Consensys / handel

Multi-Signature Aggregation in a Large Byzantine Committees
Apache License 2.0
52 stars 5 forks source link

Libp2p - weird behaviors #82

Open nikkolasg opened 5 years ago

nikkolasg commented 5 years ago

We now have a comparative baseline simulation using libp2p where each peer connects to a few other peers (designated as a parameter "Count" in a config file), subscribe to the "handel" topic, broadcast their signature and wait to receive enough signatures. Unfortunately, this simulation exhibits weird behaviors (~failures) of the libp2p pubsub library. We can tests these failures in two different ways, in the fail_libp2p branch:

  1. Running the test TestGossipMeshy in simul/p2p/libp2p which is directly inspired from the tests found in the libp2p/pubsub repo.
  2. Running the simulation in simul/ with go run main.go -config config_gossip.toml -platform localhost - It's the generalization of the tests. Even with a large number of connected peers, the simulation fails most often.

Please note that sometime theses tests pass, but most often they don't - repeat the experience !

For the test, using a Neighbor connector that makes each peer connects only to some "neighbors" in the ID space (modulo), so all peer's connections form a circle - it's a completely connected graph. On the contrary, using Random connector that randomly connects peers (as in the libp2p pubsub's tests) fails most of the time.
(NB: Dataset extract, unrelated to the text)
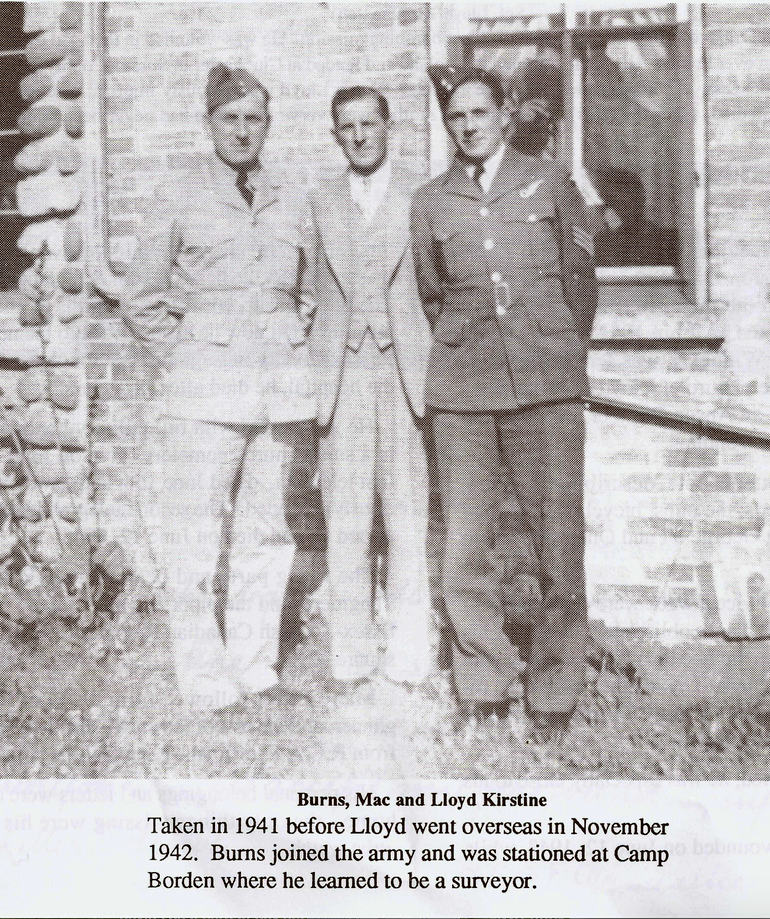 Photo of LLOYD KIRSTINE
whyrusleeping commented 5 years ago

Thanks for the link @nikkolasg.

@vyzo mind taking a look here and seeing whats up?

vyzo commented 5 years ago

sure

vyzo commented 5 years ago

Is the network generated by RandomConnector actually connected? That would explain the failures.

vyzo commented 5 years ago

I also noticed another thing: you only wait for 1s, with the heartbeat at 700ms. You should wait at least 4-5 heartbeats as message will propagate via gossip in the of a not fully connected mesh.